## Supplied data

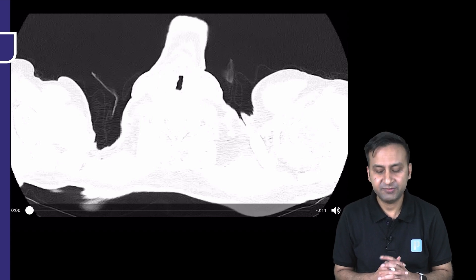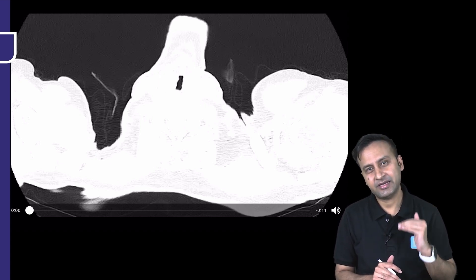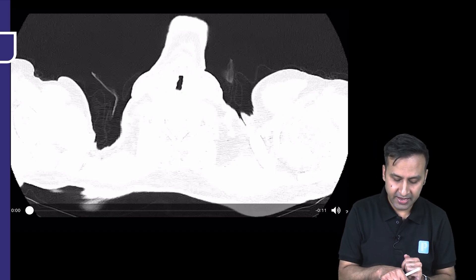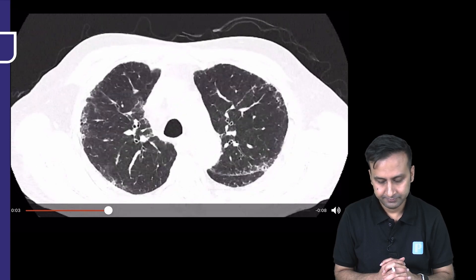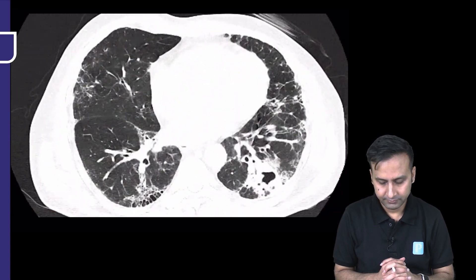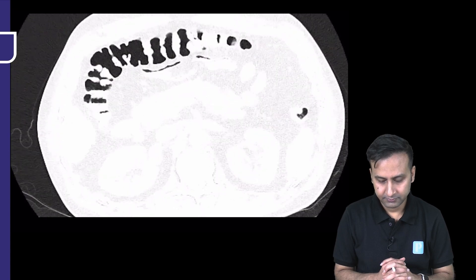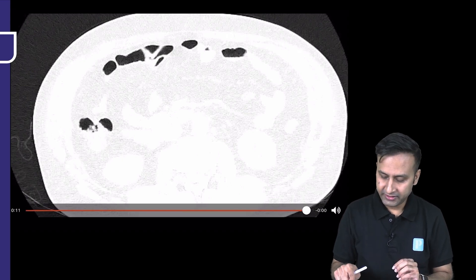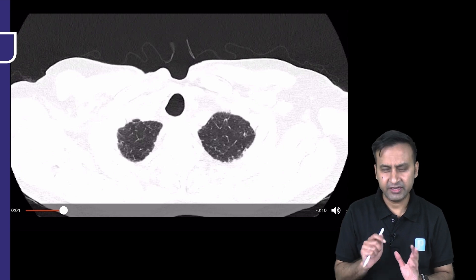This is a CT cine image — basically a volumetric image. I'm going to start from the top, that is from the apices, and go towards the diaphragm. I want you to have a look at this case and make your own observations. By now you might have all seen this case in complete totality. Let me show you the important observations on this cine image.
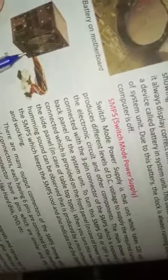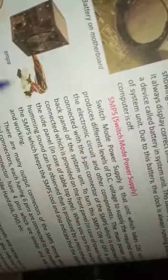Next topic is SMPS. SMPS is Switch Mode Power Supply. It is that unit which takes 220 volt and produces different levels of DC voltage to supply the required current for the electronic circuits and other components. When we switch on, it gives us power supply inside.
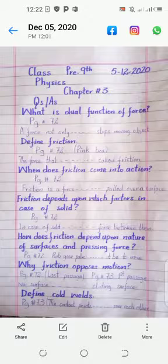In the case of solids, friction depends on the force between the surfaces. Next question: how does friction depend upon the nature of surfaces and pressing force? Its answer is on page number 72. Rub your palm — the answer ends at how it causes objects to move.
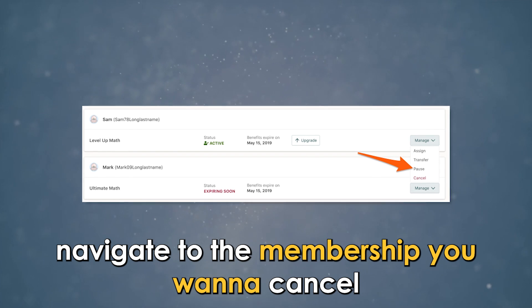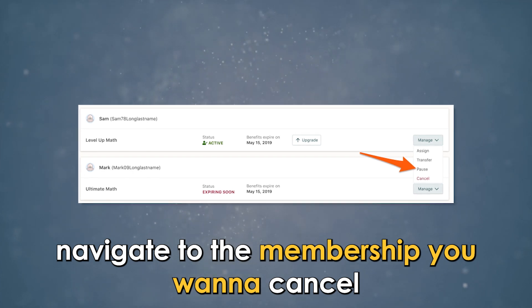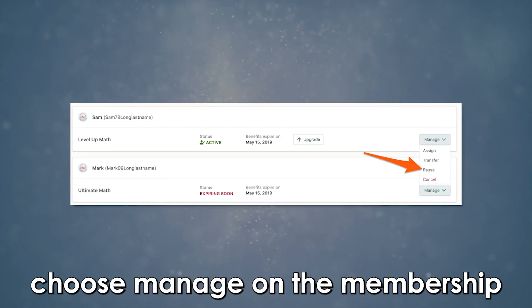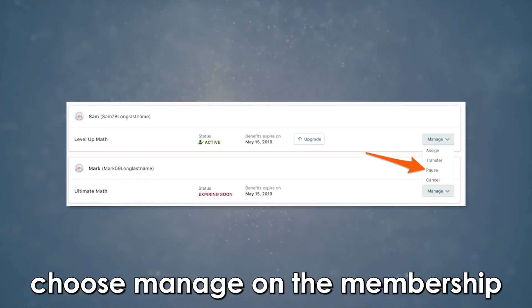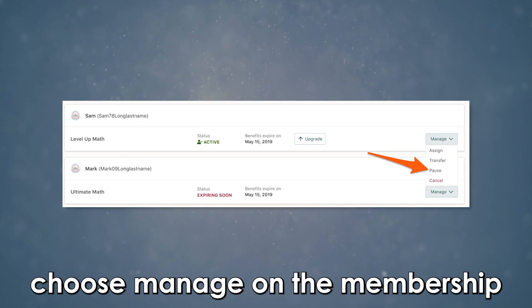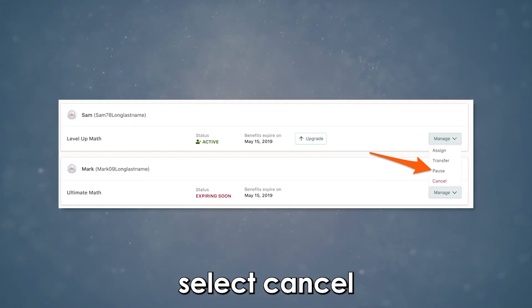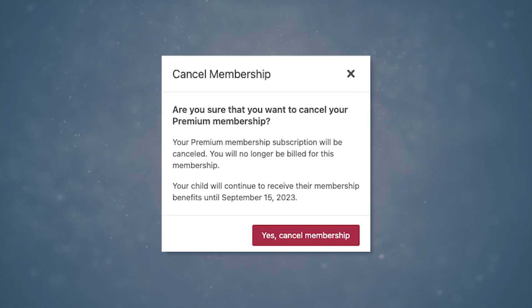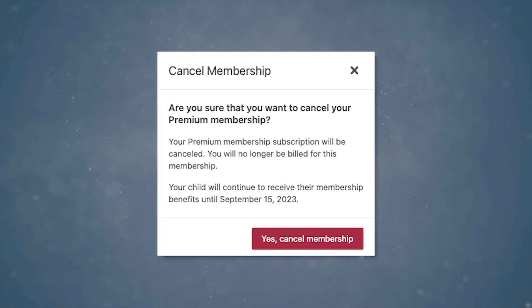Navigate to the membership you want to cancel. Choose Manage on the membership, then select Cancel and confirm your cancellation action.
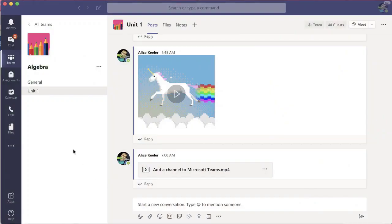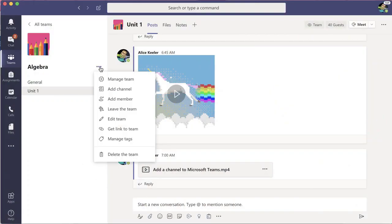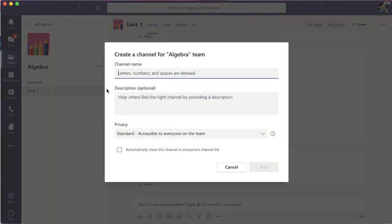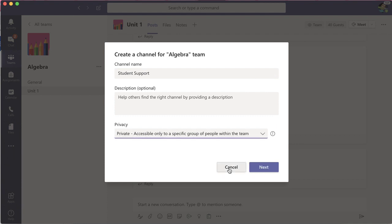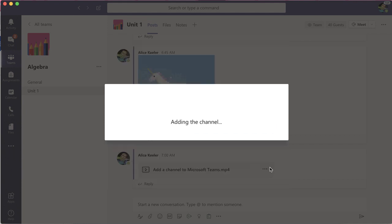How do I differentiate for students in Microsoft Teams? You create a channel. What we're going to do is click on the three dots next to the channel title and go to add channel. And instead of choosing standard, accessible to everyone, we're going to choose private.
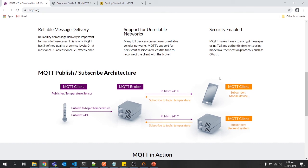So this was a brief overview about MQTT and how we can use it. Thank you so much.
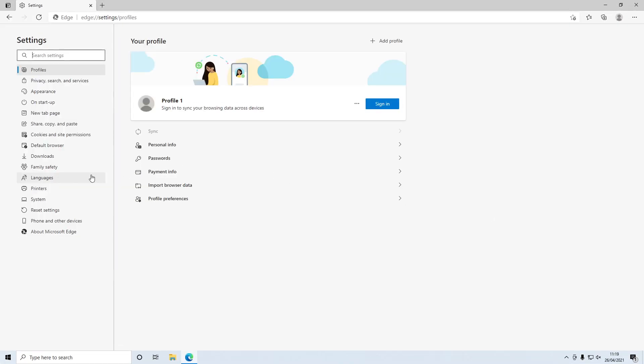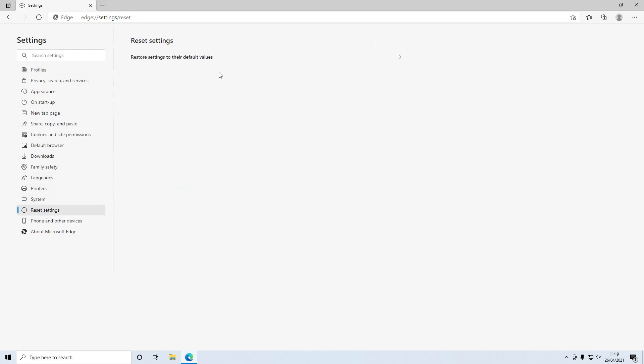Over on the left hand side menu you then need to select reset settings and you now need to click on restore settings to their default values.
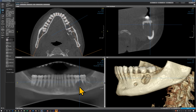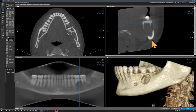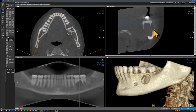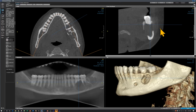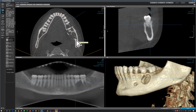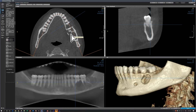Remember on the panoramic radiograph, we saw this area being very lucent. That's mainly because the buccal cortex as well as the lingual cortex are both thin or perforated. Looking on the axial slices, you can appreciate the multiple compartments.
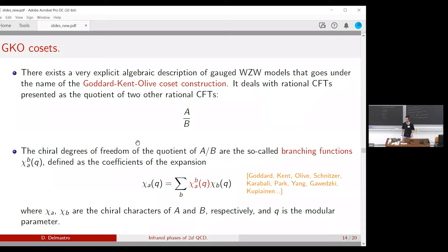A Frobenius algebra is an algebraic object — a finite-dimensional super-space with an associator and co-associator satisfying certain rules — that classifies 2D TQFTs. It is the 2D analog of the modular tensor category that classifies 3D topological theories. With that, we thank the speaker.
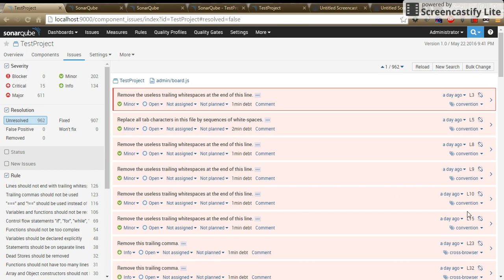Hello, this is Neha Bajo here. Welcome back again. In this video, I am going to explain the rule management in SonarCube.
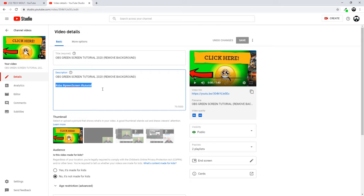Automatically, whenever you add hashtags at the very last line in description of your video, they will be added above the title of your video.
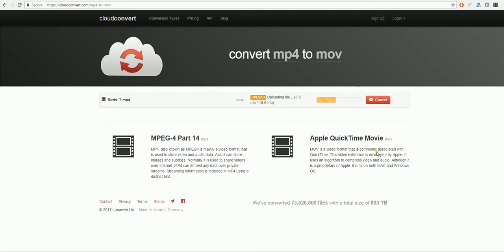But if you want to do multiple times and have the least amount of loss of quality, then AceThinker Video Master is definitely the program that you should be using.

## Task statement
Without changing a word, retype every entry above, but drop its pictures.

## Answer to the problem
This is a CT cine image — basically a volumetric image. I'm going to start from the top, that is from the apices, and go towards the diaphragm. I want you to have a look at this case and make your own observations. By now you might have all seen this case in complete totality. Let me show you the important observations on this cine image.
Next topic is SMPS. SMPS is Switch Mode Power Supply. It is that unit which takes 220 volt and produces different levels of DC voltage to supply the required current for the electronic circuits and other components. When we switch on, it gives us power supply inside.
In the case of solids, friction depends on the force between the surfaces. Next question: how does friction depend upon the nature of surfaces and pressing force? Its answer is on page number 72. Rub your palm — the answer ends at how it causes objects to move.
Navigate to the membership you want to cancel. Choose Manage on the membership, then select Cancel and confirm your cancellation action.
How do I differentiate for students in Microsoft Teams? You create a channel. What we're going to do is click on the three dots next to the channel title and go to add channel. And instead of choosing standard, accessible to everyone, we're going to choose private.
So this was a brief overview about MQTT and how we can use it. Thank you so much.
Over on the left hand side menu you then need to select reset settings and you now need to click on restore settings to their default values.
Remember on the panoramic radiograph, we saw this area being very lucent. That's mainly because the buccal cortex as well as the lingual cortex are both thin or perforated. Looking on the axial slices, you can appreciate the multiple compartments.
A Frobenius algebra is an algebraic object — a finite-dimensional super-space with an associator and co-associator satisfying certain rules — that classifies 2D TQFTs. It is the 2D analog of the modular tensor category that classifies 3D topological theories. With that, we thank the speaker.
Hello, this is Neha Bajo here. Welcome back again. In this video, I am going to explain the rule management in SonarCube.
Automatically, whenever you add hashtags at the very last line in description of your video, they will be added above the title of your video.
But if you want to do multiple times and have the least amount of loss of quality, then AceThinker Video Master is definitely the program that you should be using.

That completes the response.